Interoperability with CUDA

Although ArrayFire is quite extensive, there remain many cases in which you may want to write custom kernels in CUDA or OpenCL. For example, you may wish to add ArrayFire to an existing code base to increase your productivity, or you may need to supplement ArrayFire's functionality with your own custom implementation of specific algorithms.

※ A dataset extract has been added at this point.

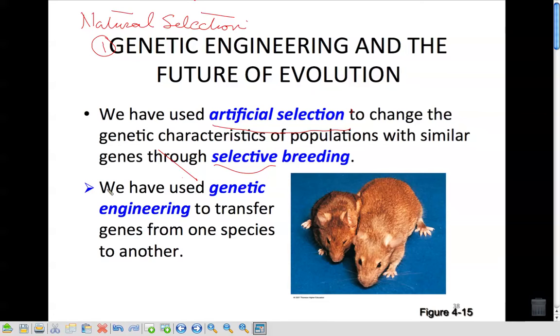We can also use genetic engineering to transfer genes from one species to another, which is more like the golden rice that we talked about from the previous chapter.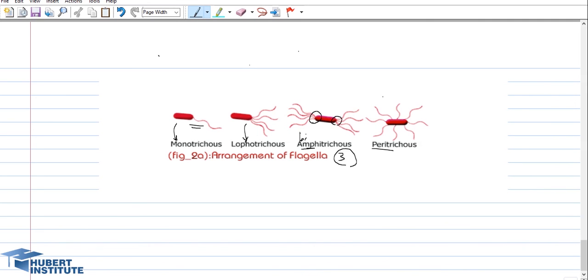Okay, this was a brief description about the features of the prokaryotic cells and their structure. We hope you enjoyed it and we hope to see you again very soon. Thank you for your attention.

ArrayFire manages its own memory, runs within its own CUDA stream, and creates custom IDs for devices. As such, most of the interoperability functions focus on reducing potential synchronization conflicts between ArrayFire and CUDA.

Basics

It is fairly straightforward to interface ArrayFire with your own custom CUDA code. ArrayFire provides several functions to ease this process including:

Function Purpose
af::array(...) Construct an ArrayFire Array from device memory
af::array.device() Obtain a pointer to the device memory (implies lock())
af::array.lock() Removes ArrayFire's control of a device memory pointer
af::array.unlock() Restores ArrayFire's control over a device memory pointer
af::getDevice() Gets the current ArrayFire device ID
af::setDevice() Switches ArrayFire to the specified device
afcu::getNativeId() Converts an ArrayFire device ID to a CUDA device ID
afcu::setNativeId() Switches ArrayFire to the specified CUDA device ID
afcu::getStream() Get the current CUDA stream used by ArrayFire

Below we provide two worked examples on how ArrayFire can be integrated into new and existing projects.

Adding custom CUDA kernels to an existing ArrayFire application

By default, ArrayFire manages its own memory and operates in its own CUDA stream. Thus there is a slight amount of bookkeeping that needs to be done in order to integrate your custom CUDA kernel.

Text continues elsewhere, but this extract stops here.